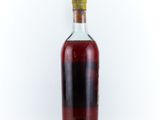 an empty bottle of liquor sitting on a white surface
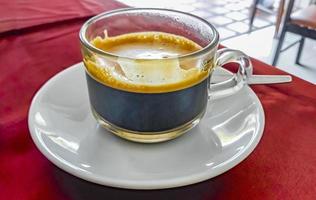 Glass Cup of black coffee in a restaurant Phuket Thailand. photo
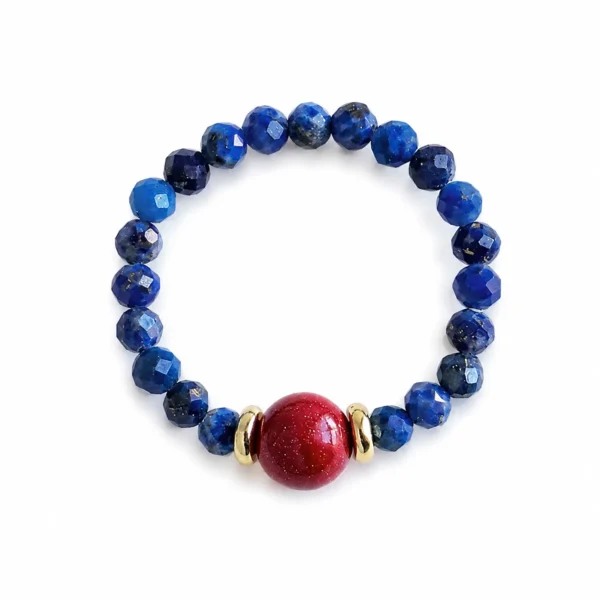 lapis cinnabar beaded ring on white background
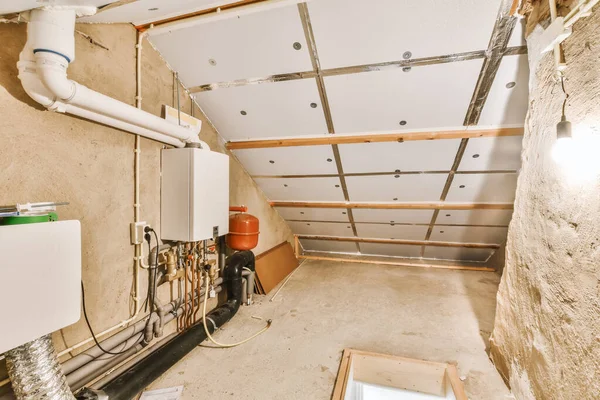 a room under construction with pipes and water heater in the corner, which is being used for plumbing work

··········

= Problem requirements =
When you write out the data, keep every line exact and drop the pictures.

= Solution for this exercise =
 an empty bottle of liquor sitting on a white surface
 Glass Cup of black coffee in a restaurant Phuket Thailand. photo
 lapis cinnabar beaded ring on white background
 a room under construction with pipes and water heater in the corner, which is being used for plumbing work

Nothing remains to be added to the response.